12

2.7K 118 50
                                    

Selamün aleyküm

Sizi bölümle baş başa bırakayım. Kolay gelsin.

🌱 12. Bölüm 🌱

Amine çıkan gürültüyü susturmak için çıkmışken İlyas'ın son söyledikleri ile dona kalmıştı. İçinde kopan ip sonuncusu olduğunu belli eder gibi acıtmıştı canını. Yerinde yalpalayıp duvara yaslanması ile kalbinden akan  kanlar göz yaşı olup doldurdu yüzünü. Gözleri sadece İlyas'da durmuştu. Kocasının bu hallerine alışmıştı. Artık umursamayacaktı ama bu yaptığı. Hiçbir şey bunu kapatamazdı. Hiçbir şey onu aldatmasını gizleyemezdi. Hemde sadece kocası da değil. Herkesin onu bir aptal gibi kandırması kaldırabileceği bir şey değildi. Yıllarca yüz yüze bakmıştı, aynı sofraya oturmuştu, aynı çatı altında yatıp kalkmışlardı. Temizliğinden, yemeğine kadar her şeyleri ile ilgilenmişti. Onları ailesi olarak bile saymıştı. Ama onlar. Hiçbir zaman onu kabul etmemişti demekki. Yüzüne gülüp onu aptal yerine koymuşlardı yıllarca. Kocasının hayatını mahvedişini oturup hep birlikte izlemişlerdi demekki.

Sevim korku ile baktı genç kadına. Sonra hala konuşan kocasına yöneldi ve ağzını eli ile zorla kapatıp Amine'yi görsün diye çevirdi. Herkes Sevim'in anlık hareketlerine anlam veremezken İlyas yengesini gördü. Gözleri kocaman olup pişmanlıkla baktı. Herkes merakla İlyas ve Sevim'e bakarken ilk konuşan İlyas oldu.

" Yenge ben..." Ne diyeceğini bilmediğinden susan genç adamın ardından herkesin yüzü saniyesinde düştü. Âdil bey, Sultan hanım ve Mustafa hızla kapıya doğru ilerledi. Kapı kenarında duran kadını görmeleri ile de korku kapladı içlerini. Amine kendine bakan gözlerin hepsinde bakışlarını gezdirdi. En son Mustafa'ya baktı. Anlasın istedi ne hale geldiğini. Ne bıraktığını bilsin istedi. Pişmanlık tohumları serpilmiş gözlerden de anladı genç adamın gördüğünü. Mustafa'nın harekete geçeceğini anlayınca da hızla çıktığı odaya girip kapıyı kapattı ve kilitledi. Yatakta uyuyan oğlunu uyandırmamak için elini ağzına kapatıp ağlamaya başladı. Hıçkırıklarını on yıldan beridir hep içine atmıştı. Yine öyle yapıyordu.

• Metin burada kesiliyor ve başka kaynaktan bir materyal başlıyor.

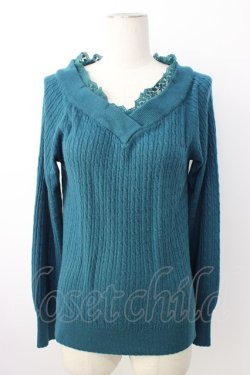 画像1: axes femme / Ｖネックニットプルオーバー  グリーン T-26-01-16-003-AX-TO-IG-ZT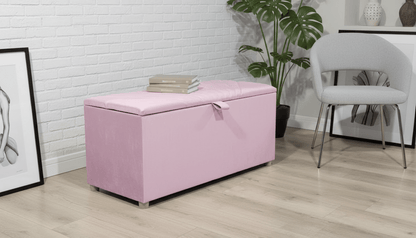 ISTOOLS Deep Storage Ottoman Bench Seat – Pink Upholstered Bedroom Storage Box - ISTOOLS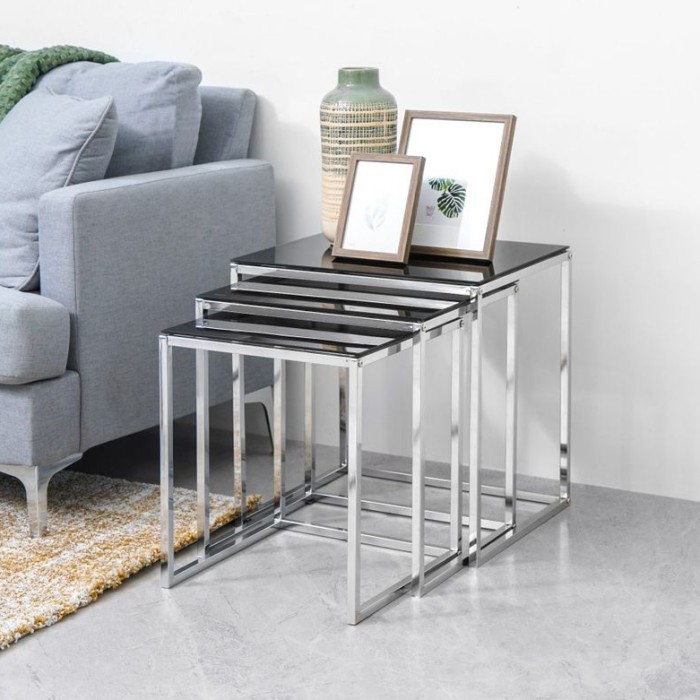 Jual Set Meja Tamu Minimalis INFORMA Meja Sisi Kaca Side Table | Shopee ...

Mustafa hızla kapıya yönelip kapıyı çaldı. " Amine dinle beni. Amine aç kapıyı konuşalım. Lütfen dinle beni. Hataydı. Hepsi hataydı. Sana yemin ederim çok pişmanım Amine aç kapıyı. "

Öncekine göre daha sakindi. Yine aynı şeyleri göze alamayacak kadar bitik haldeydi. Ama bilemediği şey kırdığı kadının artık onarılamayacak kadar parçalandığıydı.

" Amine aç kapıyı beni dinlemen gerekiyor. Açıklayabilirim Amine dinle beni. Aç kapıyı konuşalım. "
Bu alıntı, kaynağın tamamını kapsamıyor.